Mais comment reconnaître les molécules de biométhane une fois mélangées au gaz naturel d’origine fossile dans les réseaux de gaz ? Les producteurs de biométhane émettent des certificats d’origine, transférés au fournisseur de gaz lorsqu’il achète le biométhane. C’est l’acquisition de ces certificats auprès du fournisseur par l’utilisateur final qui permet à ce dernier d’attester de l’origine renouvelable du gaz qu’il consomme. A ce sujet, l’exemple d’AUDI est intéressant. Dans le cadre de ses obligations pour diminuer les émissions de CO2 de ses véhicules, le groupe développe des motorisations GNV. Afin de s’assurer la maîtrise des certificats d’origine, AUDI a investi en Allemagne dans des unités Power-to-Gas de production de biométhane. En dotant ses clients de cartes permettant de faire le plein de GNV dans plusieurs réseaux de stations-service, AUDI est capable de faire le lien entre la quantité de biométhane qu’il produit en recyclant le CO2 et la quantité de gaz consommée par ses clients, c’est-à-dire de mesurer son impact environnemental.

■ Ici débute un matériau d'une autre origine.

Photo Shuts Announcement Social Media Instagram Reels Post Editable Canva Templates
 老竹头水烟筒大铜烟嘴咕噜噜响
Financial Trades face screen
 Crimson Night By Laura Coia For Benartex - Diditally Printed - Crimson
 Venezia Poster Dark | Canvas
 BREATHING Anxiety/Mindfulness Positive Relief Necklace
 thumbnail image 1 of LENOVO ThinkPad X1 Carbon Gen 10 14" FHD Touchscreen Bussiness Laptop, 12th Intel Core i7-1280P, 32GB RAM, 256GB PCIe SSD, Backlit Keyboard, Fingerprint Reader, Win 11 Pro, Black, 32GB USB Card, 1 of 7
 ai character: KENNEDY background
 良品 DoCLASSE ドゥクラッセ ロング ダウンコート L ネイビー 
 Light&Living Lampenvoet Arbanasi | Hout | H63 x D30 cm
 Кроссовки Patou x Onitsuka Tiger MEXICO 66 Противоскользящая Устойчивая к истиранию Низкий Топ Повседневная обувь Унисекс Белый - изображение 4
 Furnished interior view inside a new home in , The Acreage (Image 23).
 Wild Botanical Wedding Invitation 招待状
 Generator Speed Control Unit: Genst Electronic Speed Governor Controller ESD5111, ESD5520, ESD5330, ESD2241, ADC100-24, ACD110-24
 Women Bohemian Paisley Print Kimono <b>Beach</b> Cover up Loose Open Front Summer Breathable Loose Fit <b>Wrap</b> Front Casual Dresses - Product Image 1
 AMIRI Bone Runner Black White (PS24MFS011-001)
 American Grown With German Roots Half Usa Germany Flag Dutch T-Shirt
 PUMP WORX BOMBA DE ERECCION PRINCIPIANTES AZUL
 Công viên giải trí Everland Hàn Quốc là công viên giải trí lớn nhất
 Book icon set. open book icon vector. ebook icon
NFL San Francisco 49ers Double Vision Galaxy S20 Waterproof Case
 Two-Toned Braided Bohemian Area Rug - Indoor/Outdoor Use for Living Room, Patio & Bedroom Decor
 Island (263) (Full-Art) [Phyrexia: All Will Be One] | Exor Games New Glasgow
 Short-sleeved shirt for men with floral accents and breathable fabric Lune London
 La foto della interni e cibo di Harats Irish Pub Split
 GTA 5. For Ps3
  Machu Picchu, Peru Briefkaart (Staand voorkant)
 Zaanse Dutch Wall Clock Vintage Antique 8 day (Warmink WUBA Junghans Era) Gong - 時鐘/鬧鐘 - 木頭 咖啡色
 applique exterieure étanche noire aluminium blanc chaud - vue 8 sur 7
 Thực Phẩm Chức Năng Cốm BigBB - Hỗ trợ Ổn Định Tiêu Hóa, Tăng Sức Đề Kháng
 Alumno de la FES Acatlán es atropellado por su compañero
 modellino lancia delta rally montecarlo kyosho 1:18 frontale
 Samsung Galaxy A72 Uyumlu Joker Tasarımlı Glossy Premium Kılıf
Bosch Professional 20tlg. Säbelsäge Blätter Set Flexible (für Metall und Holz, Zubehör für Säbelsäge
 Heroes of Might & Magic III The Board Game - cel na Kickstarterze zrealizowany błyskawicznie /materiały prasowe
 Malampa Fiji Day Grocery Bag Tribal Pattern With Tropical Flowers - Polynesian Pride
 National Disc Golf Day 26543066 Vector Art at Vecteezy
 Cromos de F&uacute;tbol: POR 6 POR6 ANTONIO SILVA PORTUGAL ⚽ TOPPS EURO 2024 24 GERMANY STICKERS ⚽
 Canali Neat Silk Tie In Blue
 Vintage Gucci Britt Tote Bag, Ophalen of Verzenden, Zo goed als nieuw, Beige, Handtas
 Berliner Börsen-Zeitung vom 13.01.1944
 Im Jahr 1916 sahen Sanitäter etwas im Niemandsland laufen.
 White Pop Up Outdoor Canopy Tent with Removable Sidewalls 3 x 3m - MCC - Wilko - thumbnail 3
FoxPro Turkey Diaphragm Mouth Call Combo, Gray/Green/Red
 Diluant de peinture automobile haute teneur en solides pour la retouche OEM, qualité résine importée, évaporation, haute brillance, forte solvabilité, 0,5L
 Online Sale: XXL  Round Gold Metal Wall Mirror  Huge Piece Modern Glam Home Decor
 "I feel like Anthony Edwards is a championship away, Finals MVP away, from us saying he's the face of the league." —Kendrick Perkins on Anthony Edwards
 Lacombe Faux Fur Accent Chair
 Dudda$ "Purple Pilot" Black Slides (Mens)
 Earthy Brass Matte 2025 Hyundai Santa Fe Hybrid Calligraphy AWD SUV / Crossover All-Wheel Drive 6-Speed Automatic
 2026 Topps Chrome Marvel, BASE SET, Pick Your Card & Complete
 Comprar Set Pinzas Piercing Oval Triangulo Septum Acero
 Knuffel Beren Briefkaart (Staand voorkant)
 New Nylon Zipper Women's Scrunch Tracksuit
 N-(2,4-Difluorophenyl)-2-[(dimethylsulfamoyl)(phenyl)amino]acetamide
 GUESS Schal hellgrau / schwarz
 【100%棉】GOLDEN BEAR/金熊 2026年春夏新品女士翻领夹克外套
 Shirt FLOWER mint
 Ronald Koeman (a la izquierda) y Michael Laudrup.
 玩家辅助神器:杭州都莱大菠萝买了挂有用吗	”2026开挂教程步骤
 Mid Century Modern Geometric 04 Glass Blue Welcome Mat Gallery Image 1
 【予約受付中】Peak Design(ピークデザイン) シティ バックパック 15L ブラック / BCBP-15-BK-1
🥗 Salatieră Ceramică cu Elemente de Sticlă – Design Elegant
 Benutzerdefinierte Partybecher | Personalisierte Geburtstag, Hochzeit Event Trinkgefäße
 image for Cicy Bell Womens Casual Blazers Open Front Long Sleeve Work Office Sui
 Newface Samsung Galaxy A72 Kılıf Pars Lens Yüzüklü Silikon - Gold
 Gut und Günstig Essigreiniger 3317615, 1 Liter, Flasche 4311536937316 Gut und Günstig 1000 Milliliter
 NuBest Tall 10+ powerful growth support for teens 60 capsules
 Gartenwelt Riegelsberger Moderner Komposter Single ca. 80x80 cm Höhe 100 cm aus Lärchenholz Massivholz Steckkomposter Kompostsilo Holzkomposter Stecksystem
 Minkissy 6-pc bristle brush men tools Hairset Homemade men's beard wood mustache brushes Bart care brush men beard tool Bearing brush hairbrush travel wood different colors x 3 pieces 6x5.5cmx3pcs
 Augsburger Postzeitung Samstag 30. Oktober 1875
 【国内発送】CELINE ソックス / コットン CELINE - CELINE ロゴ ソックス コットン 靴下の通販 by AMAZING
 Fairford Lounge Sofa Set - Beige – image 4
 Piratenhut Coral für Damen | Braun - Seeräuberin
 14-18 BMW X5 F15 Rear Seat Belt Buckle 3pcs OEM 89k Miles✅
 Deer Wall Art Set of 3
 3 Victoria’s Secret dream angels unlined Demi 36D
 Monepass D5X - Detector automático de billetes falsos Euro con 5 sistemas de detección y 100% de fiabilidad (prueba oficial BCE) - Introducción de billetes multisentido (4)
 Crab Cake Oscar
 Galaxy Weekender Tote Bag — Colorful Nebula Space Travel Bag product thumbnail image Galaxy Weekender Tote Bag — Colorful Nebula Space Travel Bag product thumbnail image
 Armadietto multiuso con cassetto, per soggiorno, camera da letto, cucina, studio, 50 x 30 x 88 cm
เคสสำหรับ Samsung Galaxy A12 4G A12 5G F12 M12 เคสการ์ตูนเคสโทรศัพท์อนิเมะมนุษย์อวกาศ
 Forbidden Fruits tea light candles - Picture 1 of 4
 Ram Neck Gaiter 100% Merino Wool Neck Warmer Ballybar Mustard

Pour les fournisseurs de gaz, la vente de GNV et de bio-GNV aux transporteurs routiers de marchandises est un relai de croissance majeur. Alors que les consommations de leurs clients résidentiels et tertiaires sont amenées à décroître notablement, du fait de l’amélioration de l’efficacité énergétique des bâtiments, les transporteurs routiers constituent un marché de substitution. Par ailleurs, permettant la substitution des carburants pétroliers, la valorisation du biogaz et du syngas sous la forme de bio-GNV est la plus vertueuse. Il s’agit bien ici d’une opportunité pour les entreprises du secteur du transport routier, qui bénéficient d’un important pouvoir de négociation des conditions d’approvisionnement en GNV et bio-GNV. Ces conditions incluent l’achat du gaz, des certificats d’origine et, le cas échéant, à l’image d’opérateurs américains comme Ryder ou Paper Transport Inc., l’acquisition ou la location de stations d’avitaillement au sein de CDU. Les transporteurs routiers de marchandises disposent ainsi d’un levier stratégique pour diminuer le TCO de leurs véhicules GNV et acquérir au meilleur prix des garanties d’origine qui leur permettront d’attester du caractère renouvelable des carburants qu’ils consomment.